DO THE MATH: School bond issue fraught with peril.

The Arkansas Democrat-Gazette today, in article by Cynthia Howell, wrote about the planning and future glories of the  long-overdue new high school for Southwest Little Rock to combine McClellan and J.A. Fair.

What isn’t addressed completely are the vexing financial and governance issues underlying a push to deliver this high school. The Walton Foundation’s paid lobbyist in Little Rock, Gary Newton, who was among the forces pushing for the state takeover of the district, is quoted as pushing for a refinancing bond issue — and construction of the new high school regardless  — because he knows this is popular with a voter segment. He also knows the peril it holds for the school district and has an agenda that’s even more perilous for traditional public education in this city.

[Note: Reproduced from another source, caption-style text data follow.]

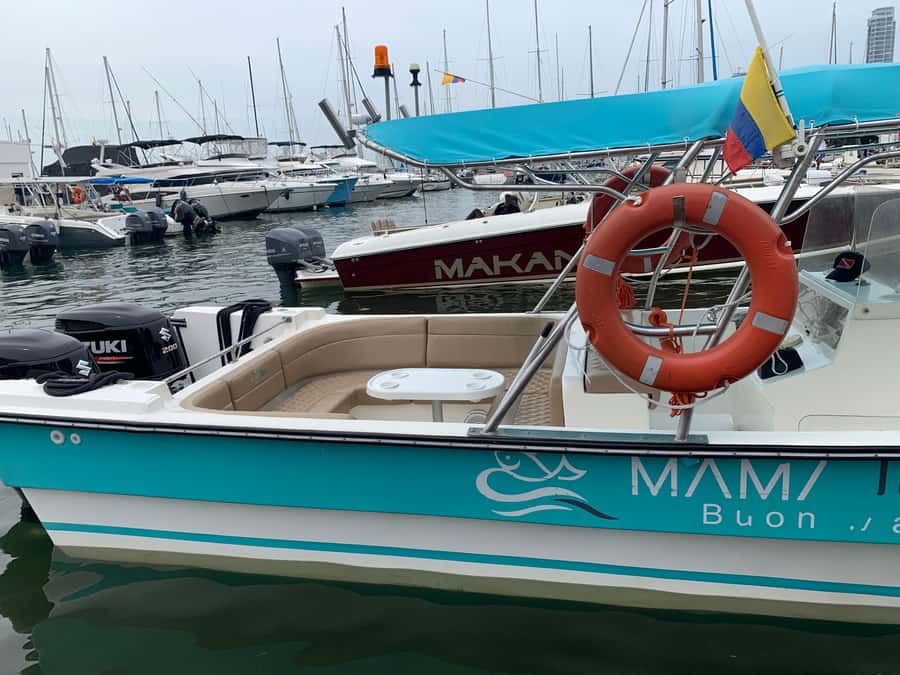 CARTAGENA, EXCLUSIVE launch for Rosario and Baru Islands - 7) Food and drinks: cooler with ice, bring your own, and eat locally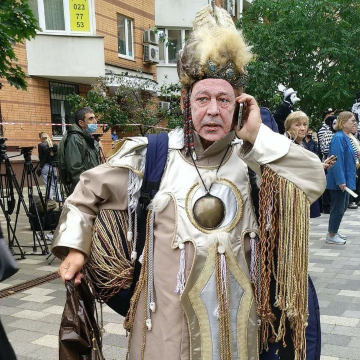 Шаман и барабанщицы: возле Пресненского суда сегодня был балаган... и даже, наверное, цирк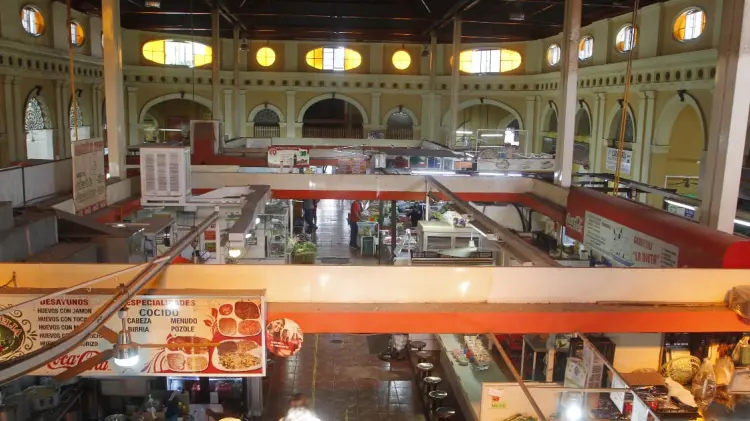 Baños no son el problema en el Mercado Municipal, señala Ana Dinorah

I’ve written before about my reluctance to back a vote refinancing existing construction debt to add $160 million more to pay for the high school and other projects. Such a vote wouldn’t raise the millage, but it will extend construction debt payments by 14 years, at a cost of perhaps $250 million dollars. Two problems with that:

1) The decider is the school board, meaning Johnny Key, the state education commissioner, because the district in state control. He’s been an advocate of privatization of Little Rock Schools. He’s provided no assurances of a return to local control. He’s endorsed continued operation of failing charter schools. He’s endorsed expansion of existing charter schools that draw hundreds of students — and $6,600 or so in sate support for each lost student — away from the school district.

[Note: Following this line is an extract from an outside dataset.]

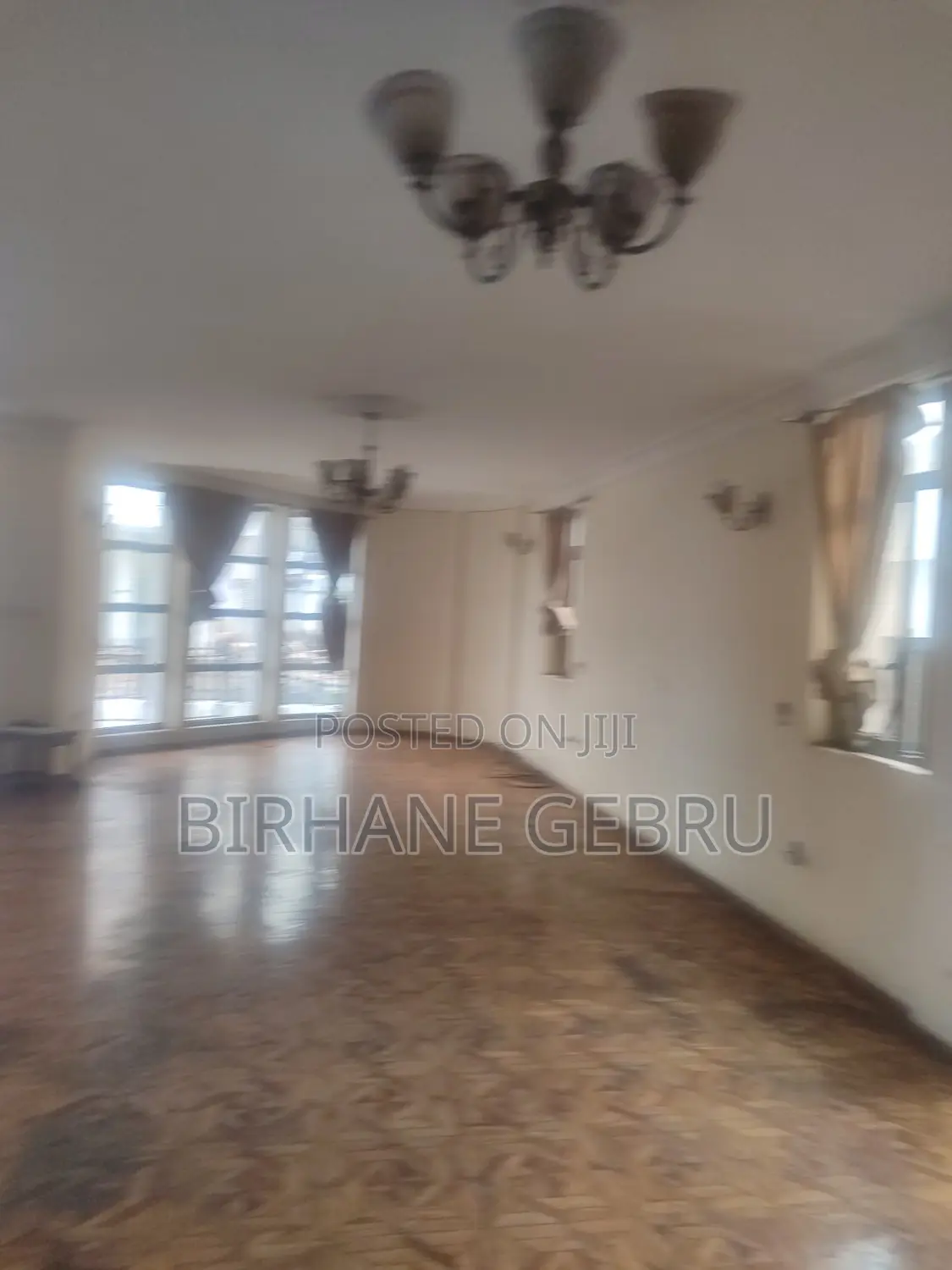 G+3 House Rent for Resturant Lounge Berger and Other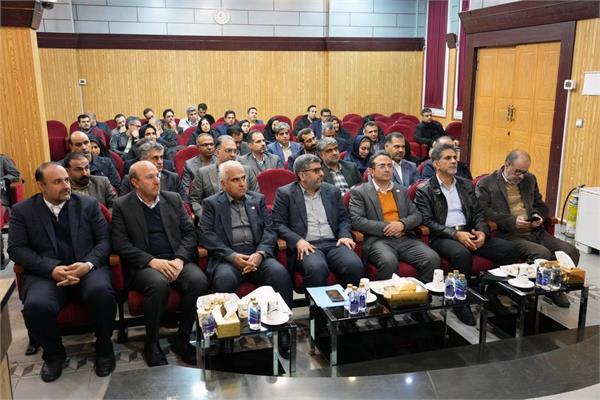 آیین گرامیداشت روز پژوهش و فناوری در شرکت نفت مناطق مرکزی ایران 26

2) A refinancing of construction debt will commit ALL the $14 million or so in annual construction millage revenue solely to construction bonds. Thanks to past growth in tax base, a significant amount of that revenue now goes to operations. In short, refinancing construction bonds will require new cuts in the operating budget to make up for the lost excess revenue from construction debt.

The loss of 400 students in enrollment this year will hit revenues next year, a drop of some $2.5 million. Add millions more if all debt service must apply to debt and no longer provide operating cushion. If the property tax base continues to grow some of the loss will recouped in time, but a great deal of Little Rock’s growth area lies outside the Little Rock School District.


When eStem and LISA charter school expansions are in full flower, another large group of children and the revenues that accompany them will be gone. That, in turn, seems likely to increase the percentage in Little Rock schools of English language learners, poverty children and special education children — all low on the interest scale among charter schools. Categorical support for these children doesn’t begin to cover costs.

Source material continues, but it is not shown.